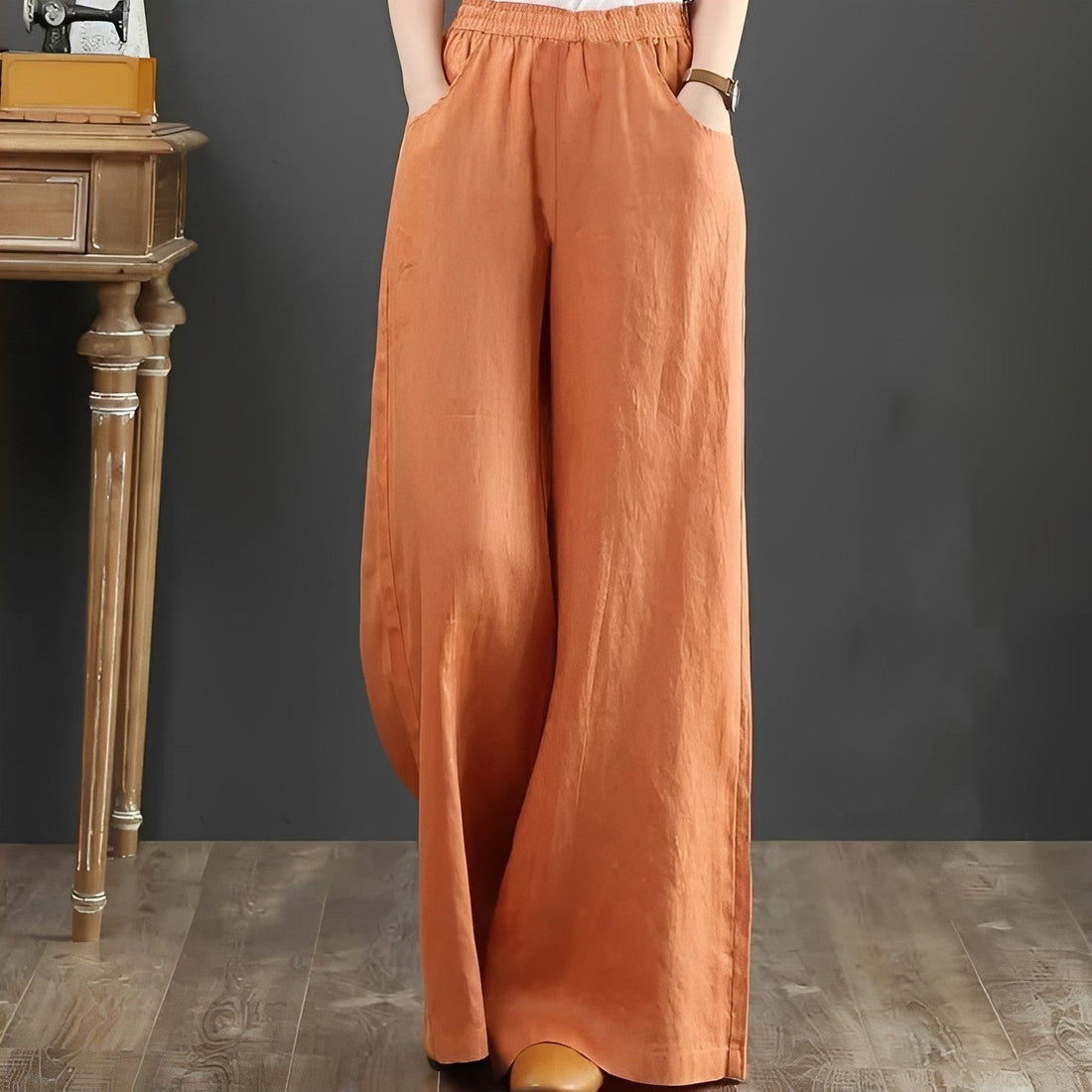 Dorothy - Pantalon ample et confortable pour femmes
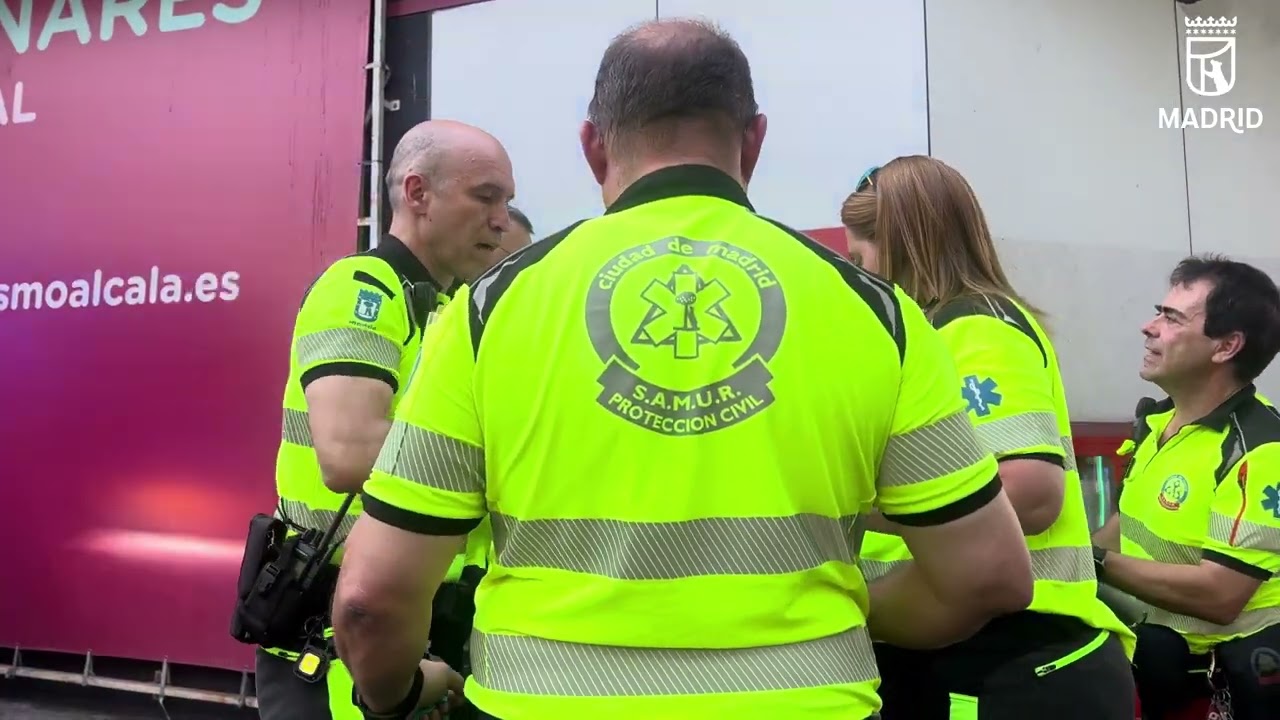 Día Internacional Medicina Urgencias y Emergencias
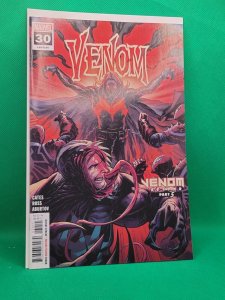 Venom #30 1st Print Geoff Shaw Main Cover Marvel Comics 2020 Donny Cates NM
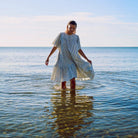 HABIBA Mio Babydoll Dress Sapphire - Steranko Clothing Manchester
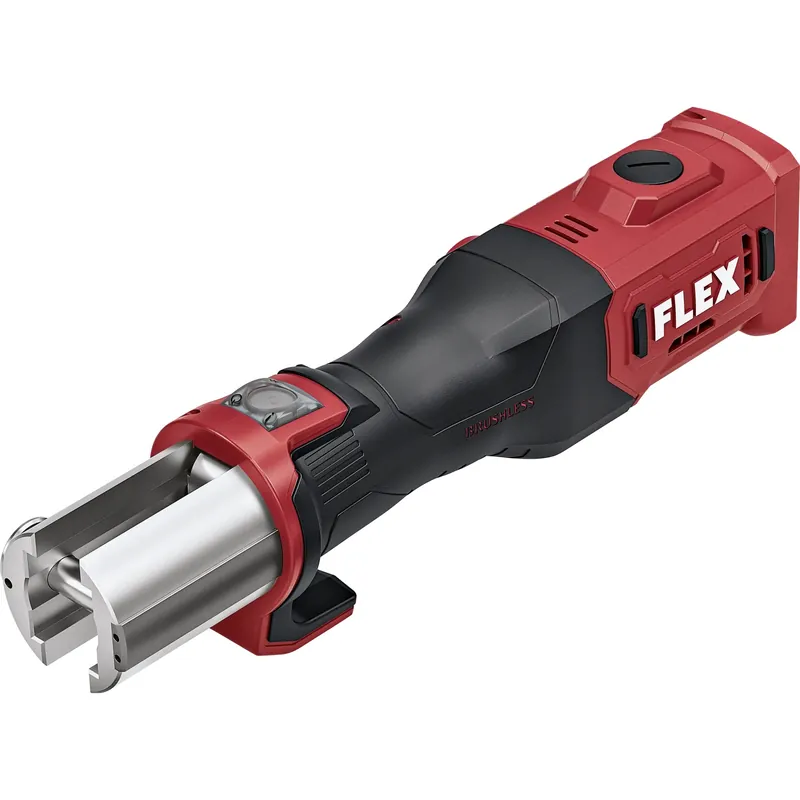 Flex-tools 534223 PP 110 18-EC pince de pressage sans fil 18V sans batteries et chargeur en L-Boxx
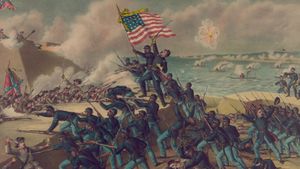 Explore how the American Civil War changed the way Americans thought about death, religion, and race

_ _ _ _

**Work instructions:**
Nothing but an exact repeat of the records, pictures excluded, belongs in the answer.

**Answer to the problem:**
 Dorothy - Pantalon ample et confortable pour femmes
 Día Internacional Medicina Urgencias y Emergencias
 Venom #30 1st Print Geoff Shaw Main Cover Marvel Comics 2020 Donny Cates NM
 HABIBA Mio Babydoll Dress Sapphire - Steranko Clothing Manchester
 Flex-tools 534223 PP 110 18-EC pince de pressage sans fil 18V sans batteries et chargeur en L-Boxx
 Explore how the American Civil War changed the way Americans thought about death, religion, and race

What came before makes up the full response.